Hence, the Income Tax Department will not seize jewelry and ornaments to the extent of 500 gms for married lady, 250 gms for unmarried lady, and 100 gm for the male member, even if the same does not seem to be matching with the income record of the assessee.
In a Central Board of Direct Taxes (CBDT) press release dated December 1, 2016, it was clarified that there is no limit on holding of gold jewelry or ornaments by anybody provided it is acquired from explained sources of income, including inheritance. Hence, the Income Tax Act does not prescribe any limit for holding gold and ornament by any person, given you are able to show/explain valid sources of the gold acquired.
What happens if you keep gold beyond such limits at home
As long as you are able to provide the source of acquisition of gold or jewelry, there is no limit for holding gold jewelry or ornaments by anybody. In other words, if that individual person keeps gold beyond such limits at home then he/she should be able to explain the source of income from which the gold is being acquired.

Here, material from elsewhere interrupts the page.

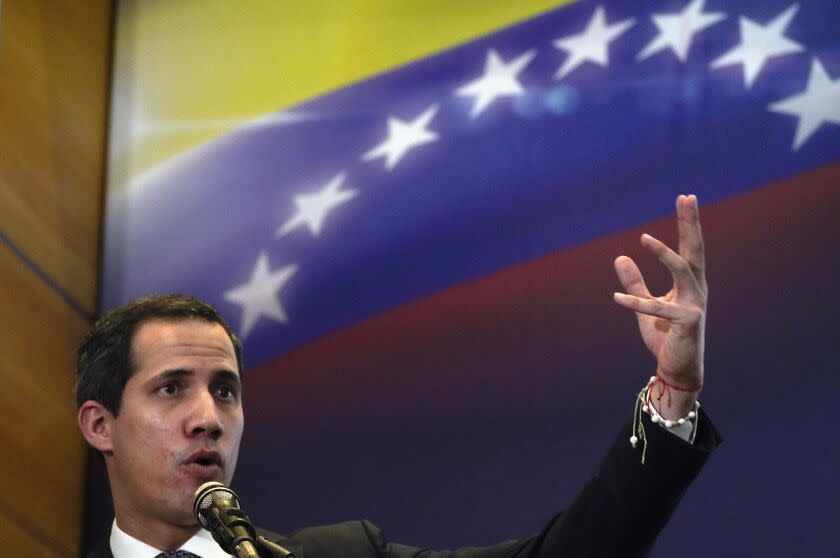 FILE - Opposition leader Juan Guaido explains the income and expenses of his self-proclaimed, parallel government in Caracas, Venezuela, Sept. 16, 2022. Guaido declared himself Venezuela's interim president in January 2019, arguing that in his capacity as then-president of the country's National Assembly the constitution allowed him to form a transitional government because Nicolas Maduro had been re-elected in a sham vote in late 2018. Dozens of countries, including the U.S., Canada and Colombia, supported Guaido's move and began recognizing him as Venezuela's legitimate leader. (AP Photo/Ariana Cubillos, File)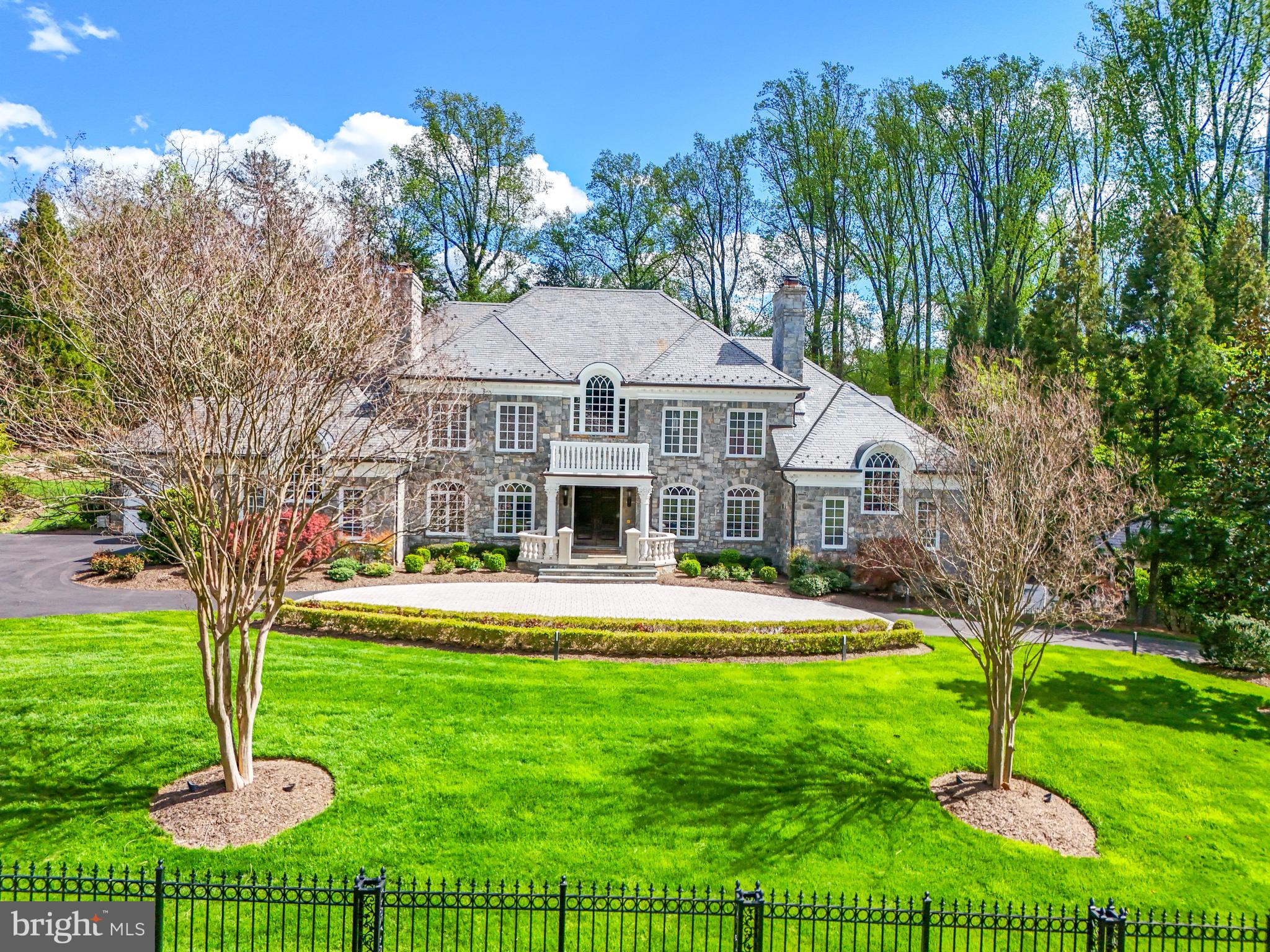 Welcome to 1221 Mottrom Drive. A Private Oasis in a Coveted Location. This spectacular estate, well over 12,000 square feet, is nestled in one of the area's most sought-after neighborhoods and crafted by renowned builder George Sagatov. Privately gated and set behind a circular driveway, the home makes an unforgettable first impression with its striking curb appeal, lush professional landscaping, and a sparkling resort-style pool. Step inside the grand two-story foyer, where a dramatic curved staircase sets the tone for the refined interiors that follow. The formal living room and banquet-sized dining room each feature their own fireplaces, elegant mantels, and arched doorways that add architectural charm. The heart of the home is the breathtaking great room with a floor-to-ceiling stone fireplace, coffered ceiling, and a wall of windows that flood the space with natural light and offer seamless access to the custom deck, perfect for indoor-outdoor living. The chef’s kitchen features custom cabinetry, a large center island, two dishwashers, a built-in coffee maker, warming drawer, and a work desk area. Also on the main level is a richly paneled private office with built-ins and a fireplace, as well as a spacious main-level primary suite with a walk-in closet and luxurious bath complete with separate vanities. Two powder rooms and a well-appointed laundry room complete the main floor.Upstairs, the impressive owner’s suite is a true retreat with its own sitting room, fireplace, two generous walk-in closets, and a spa-like bathroom with separate vanities, soaking tub, and oversized shower. Three additional ensuite bedrooms provide comfort and privacy for family and guests. The walk-out lower level is an entertainer’s dream, featuring a fully equipped wet bar, wine cellar, state-of-the-art media room with tiered seating, a fitness room with sauna, a recreation room with stone fireplace, and an additional bedroom and full bath. Step outside to a true backyard paradise. The sparkling pool is complemented by a fully outfitted pool house with a full kitchen and bath, perfect for summer entertaining. Every detail of this home has been thoughtfully curated for luxurious living, all just minutes from the shops, restaurants, and commuter routes of Tysons Corner.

In case, if the holding is in excess, one has to consider for the source of income, proof of investment will help you in establishing the source of investment against your income tax return. Apart from the tax invoices that you would keep, it is a little tricky that what kind of proof is necessary in case of inheritance and gifts. To specify more, experts suggest, in case of inheritance or gift, details like a gift deed or receipts with the name of the initial owner of the item may be needed, or one can produce a family settlement deed, Will, or a special gift deed stating the transfer of such item in the owner’s hand.
Gopal Bohra, Partner, NA Shah Associates, says, “A person is required to declare the value of Jewellery in Wealth Tax Return (abolished from FY 2016-17) and under ‘schedule Fixed Assets’ in Income Tax Return and give details of jewelry if taxable income for the year is more than Rs 50 lakh. Hence, there should not be any mismatch between the value declared in the return and physical. If there is any difference, the person should be able to explain the discrepancy.”